**TRY IT**:
Only a number is wanted: how many lines in these records contain the word "Women"?

Short web captions:
========================

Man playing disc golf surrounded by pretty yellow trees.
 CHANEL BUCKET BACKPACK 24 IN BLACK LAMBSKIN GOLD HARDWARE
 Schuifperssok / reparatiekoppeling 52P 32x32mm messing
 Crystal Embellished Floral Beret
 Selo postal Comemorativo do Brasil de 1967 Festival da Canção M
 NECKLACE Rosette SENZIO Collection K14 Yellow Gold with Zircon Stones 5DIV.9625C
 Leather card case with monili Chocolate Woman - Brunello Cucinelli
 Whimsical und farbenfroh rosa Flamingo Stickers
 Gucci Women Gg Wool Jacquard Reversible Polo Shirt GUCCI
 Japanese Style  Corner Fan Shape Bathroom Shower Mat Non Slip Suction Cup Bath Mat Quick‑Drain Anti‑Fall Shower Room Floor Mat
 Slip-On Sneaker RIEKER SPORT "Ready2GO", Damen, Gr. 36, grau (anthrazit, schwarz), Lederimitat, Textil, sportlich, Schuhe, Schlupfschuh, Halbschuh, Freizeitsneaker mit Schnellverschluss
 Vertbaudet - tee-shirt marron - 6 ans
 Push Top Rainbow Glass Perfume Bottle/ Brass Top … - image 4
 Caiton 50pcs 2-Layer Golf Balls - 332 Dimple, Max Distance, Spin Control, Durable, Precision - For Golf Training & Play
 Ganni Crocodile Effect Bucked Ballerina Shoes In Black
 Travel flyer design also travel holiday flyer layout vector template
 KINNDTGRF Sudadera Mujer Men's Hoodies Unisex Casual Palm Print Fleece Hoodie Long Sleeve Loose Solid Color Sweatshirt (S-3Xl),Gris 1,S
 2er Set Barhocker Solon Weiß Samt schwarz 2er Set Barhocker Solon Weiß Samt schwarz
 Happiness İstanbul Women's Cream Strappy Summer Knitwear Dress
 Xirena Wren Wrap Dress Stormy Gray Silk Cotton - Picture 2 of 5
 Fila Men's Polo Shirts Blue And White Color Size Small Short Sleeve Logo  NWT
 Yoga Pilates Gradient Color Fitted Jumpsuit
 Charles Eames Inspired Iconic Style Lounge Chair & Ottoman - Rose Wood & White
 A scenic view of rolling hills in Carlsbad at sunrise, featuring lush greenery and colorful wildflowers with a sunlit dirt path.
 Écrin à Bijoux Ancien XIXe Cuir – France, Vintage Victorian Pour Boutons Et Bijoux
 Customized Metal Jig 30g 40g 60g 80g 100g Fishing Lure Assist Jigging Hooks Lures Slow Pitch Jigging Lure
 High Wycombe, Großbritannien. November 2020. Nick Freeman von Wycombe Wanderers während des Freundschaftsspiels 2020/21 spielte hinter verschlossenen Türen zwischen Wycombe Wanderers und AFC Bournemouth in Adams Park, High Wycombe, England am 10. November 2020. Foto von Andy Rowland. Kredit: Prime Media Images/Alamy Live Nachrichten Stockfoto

========================

**ANSWER TO THIS TASK**:
2